Com o tempo fora perdendo o apetite, a voracidade, o encantamento, o entendimento da sedução. Ou se sentia e percebia tudo isso, fazia por esquecer com um encolher dos ombros que, não sendo de derrota, era, pelo menos, de tréguas prolongadas.

Quando se chega aos cinquenta é difícil não fazer uma espécie de balanço intermédio. Porque cinquenta é um número redondo e, sobretudo, porque cinquenta é muito tempo de vida. Na maioria das vezes, significando muito mais passado do que futuro.

Ela fizera esse balanço. Continuava a fazer esse balanço, porque já fizera os cinquenta e um e os cinquenta e dois. Um casamento de vinte e seis anos, dois filhos prontos para voar quase de forma autónoma, uma casa sem grandes luxos mas suficientemente confortável para não se sentir agredida no regresso ao fim de cada dia, uma condição económica suficientemente desafogada para não ter que viver angustiada pela duração dos meses e um emprego supostamente estável e com poucas notas de escravatura, tudo isso foi objeto de avaliação e continuava a ser.

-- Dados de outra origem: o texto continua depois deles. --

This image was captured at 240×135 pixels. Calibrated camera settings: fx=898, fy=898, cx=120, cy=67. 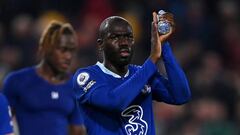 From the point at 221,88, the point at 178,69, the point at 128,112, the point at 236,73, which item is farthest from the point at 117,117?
the point at 236,73

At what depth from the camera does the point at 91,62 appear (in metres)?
12.6

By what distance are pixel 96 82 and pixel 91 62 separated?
5.93 metres

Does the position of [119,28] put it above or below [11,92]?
above

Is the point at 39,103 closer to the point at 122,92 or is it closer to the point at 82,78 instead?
the point at 82,78

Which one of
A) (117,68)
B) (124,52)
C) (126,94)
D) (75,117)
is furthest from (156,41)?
(75,117)

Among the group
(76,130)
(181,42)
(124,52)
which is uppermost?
(124,52)

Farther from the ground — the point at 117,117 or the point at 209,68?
the point at 117,117

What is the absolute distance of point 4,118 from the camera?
19.8 ft

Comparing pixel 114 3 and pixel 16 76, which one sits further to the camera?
pixel 114 3

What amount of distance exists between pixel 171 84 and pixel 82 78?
26.9 inches

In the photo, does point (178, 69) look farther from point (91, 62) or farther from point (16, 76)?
point (91, 62)

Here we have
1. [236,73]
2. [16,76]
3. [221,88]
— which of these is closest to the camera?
[16,76]

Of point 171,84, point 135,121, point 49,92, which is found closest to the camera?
point 135,121

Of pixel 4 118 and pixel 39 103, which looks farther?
pixel 39 103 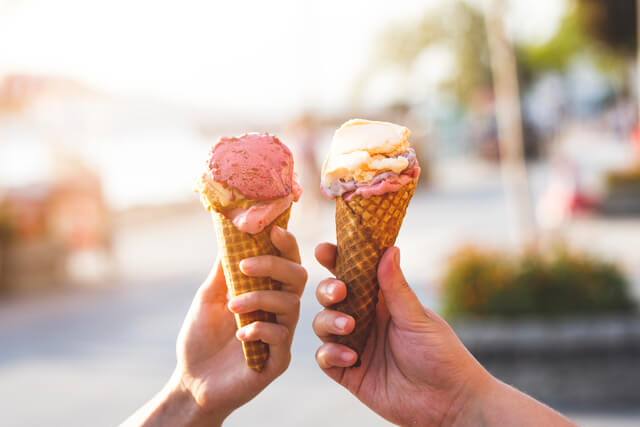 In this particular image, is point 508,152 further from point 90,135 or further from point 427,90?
point 427,90

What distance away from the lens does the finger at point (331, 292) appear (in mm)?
1656

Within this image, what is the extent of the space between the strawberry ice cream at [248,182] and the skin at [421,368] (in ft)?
0.82

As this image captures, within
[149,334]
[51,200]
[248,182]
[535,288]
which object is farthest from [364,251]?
[51,200]

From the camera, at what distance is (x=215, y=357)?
1.84m

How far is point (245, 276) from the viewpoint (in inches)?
68.5

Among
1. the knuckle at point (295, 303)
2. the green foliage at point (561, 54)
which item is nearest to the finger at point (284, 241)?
the knuckle at point (295, 303)

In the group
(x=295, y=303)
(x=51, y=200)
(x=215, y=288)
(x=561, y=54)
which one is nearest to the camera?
(x=295, y=303)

Tendo aparentemente tudo o que se assume como essencial na vida de uma pessoa, questionava-se porque não se sentia realizada, feliz, completa ou qualquer outra sensação que a deixasse viver os dias, pelo menos mais dias, com olhos brilhantes.

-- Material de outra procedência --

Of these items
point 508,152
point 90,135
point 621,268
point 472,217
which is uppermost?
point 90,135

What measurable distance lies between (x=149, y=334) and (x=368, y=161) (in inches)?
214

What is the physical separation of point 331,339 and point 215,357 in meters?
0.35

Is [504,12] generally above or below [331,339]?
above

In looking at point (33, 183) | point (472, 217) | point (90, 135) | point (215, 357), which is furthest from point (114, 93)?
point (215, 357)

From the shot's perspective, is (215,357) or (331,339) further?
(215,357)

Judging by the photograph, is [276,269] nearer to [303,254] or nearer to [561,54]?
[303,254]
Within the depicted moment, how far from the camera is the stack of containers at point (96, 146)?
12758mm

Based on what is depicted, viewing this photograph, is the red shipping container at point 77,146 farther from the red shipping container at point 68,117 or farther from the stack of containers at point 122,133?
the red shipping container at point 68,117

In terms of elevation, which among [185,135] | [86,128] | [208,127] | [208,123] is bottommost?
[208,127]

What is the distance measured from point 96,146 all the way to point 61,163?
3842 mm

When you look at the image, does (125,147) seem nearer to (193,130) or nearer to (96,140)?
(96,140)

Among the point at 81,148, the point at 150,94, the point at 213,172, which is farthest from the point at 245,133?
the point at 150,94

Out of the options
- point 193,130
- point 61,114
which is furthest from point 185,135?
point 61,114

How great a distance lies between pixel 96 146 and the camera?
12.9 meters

De manhã, quando se olhava ao espelho, com as últimas gotas ainda a sulcarem o corpo, sentia que as esculturas do tempo tinham como modelo as peças mais avantajadas de Moore e isso nem sempre lhe agradava. O rosto que via trás do seu, emergindo do embaciado vidro, bafejando-lhe pescoço e orelhas, nem sempre o reconhecia de imediato. Os filhos que, sem voz nem gestos ternos, comiam manhã cedo para logo desaparecerem, sentia que tinham crescido demais e talvez o coração se tivesse afundado em demasiado tamanho.

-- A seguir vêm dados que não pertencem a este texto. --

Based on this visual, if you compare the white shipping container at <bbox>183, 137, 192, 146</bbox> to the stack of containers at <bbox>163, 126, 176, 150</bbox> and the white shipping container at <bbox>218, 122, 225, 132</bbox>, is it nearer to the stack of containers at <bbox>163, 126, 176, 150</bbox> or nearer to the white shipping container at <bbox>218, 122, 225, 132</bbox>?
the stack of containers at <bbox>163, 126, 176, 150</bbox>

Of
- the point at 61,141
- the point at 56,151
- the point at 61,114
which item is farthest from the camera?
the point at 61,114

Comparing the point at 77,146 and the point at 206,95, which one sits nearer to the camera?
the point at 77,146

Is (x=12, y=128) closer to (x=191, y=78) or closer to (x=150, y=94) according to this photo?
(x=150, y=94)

De casa saía todos os dias quase ao cronómetro. Sete minutos até ao autocarro, vinte e oito, trinta de viagem e mais cinco a seis de passo reservado até ao café, a um quarteirão do emprego. Embora não a irritasse, não a deixava particularmente feliz, ver as mesmas caras, ouvir as mesmas vozes e ter que responder a cumprimentos sem vontade. Sentava-se dez minutos, não mais que isso, para beber um café e fumar um cigarro imaginário. Quando isso era possível, escondia-se atrás da coluna e da escada que levava ao primeiro andar e imaginava fumo e sabor sozinha e podia estar em silêncio. Pelo menos para o exterior.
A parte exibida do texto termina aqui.